No trend was more evident or attracted more comment on the international film festival circuit over the past 12 months than the candour with which so many American and European film-makers confronted the taboo themes of paedophilia, incest and extreme violence. And none of those films raised eyebrows and hackles more than a modestly budgeted US independent production, Happiness, a provocative and riveting drama written and directed by Todd Solondz.
The film proved to be such a hot potato that it was dropped by October Films - the specialist division of the Hollywood studio, Universal Pictures - which had acquired the distribution rights to it.
"This is very sensitive material," Solondz noted with an air of understatement when we met in Toronto. "October lost the battle.
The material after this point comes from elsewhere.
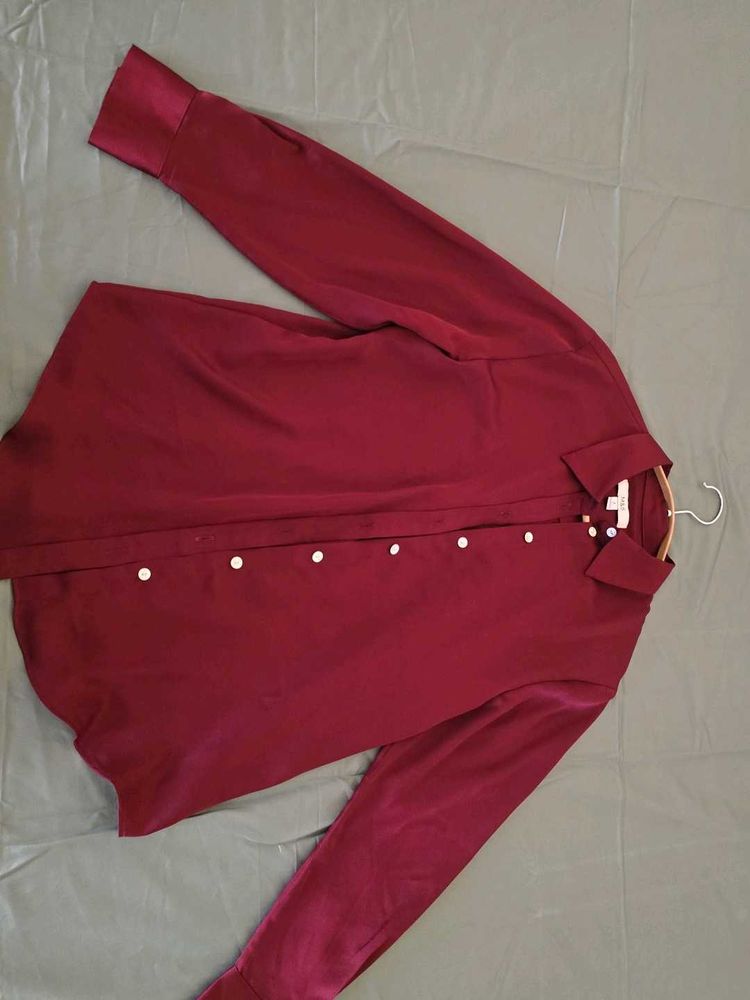 Burgundy Long Sleeve Shirt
They wanted very much to release the film, but given the contract they have with Universal, they had no choice in the matter. "Universal felt it wasn't appropriate to their image to release a film like this. It wasn't due to any particular shot or scene. It was all of the film.
"From what I've heard, Seagram, who own Universal, were trying to pass some things through Congress and they just didn't need this kind of problem. So they gave the movie back to us."
Solondz, who is in his 30s, made his breakthrough three years ago with the promising though over-praised Welcome to the Doll- house, which received the prestigious Grand Jury Prize at the Sundance Film Festival. Set and shot in his native New Jersey, it featured the remarkable young Heather Matarazzo as a plain, unfortunately named schoolgirl, Dawn Weiner, as she struggles through a painful and often cruel adolescence.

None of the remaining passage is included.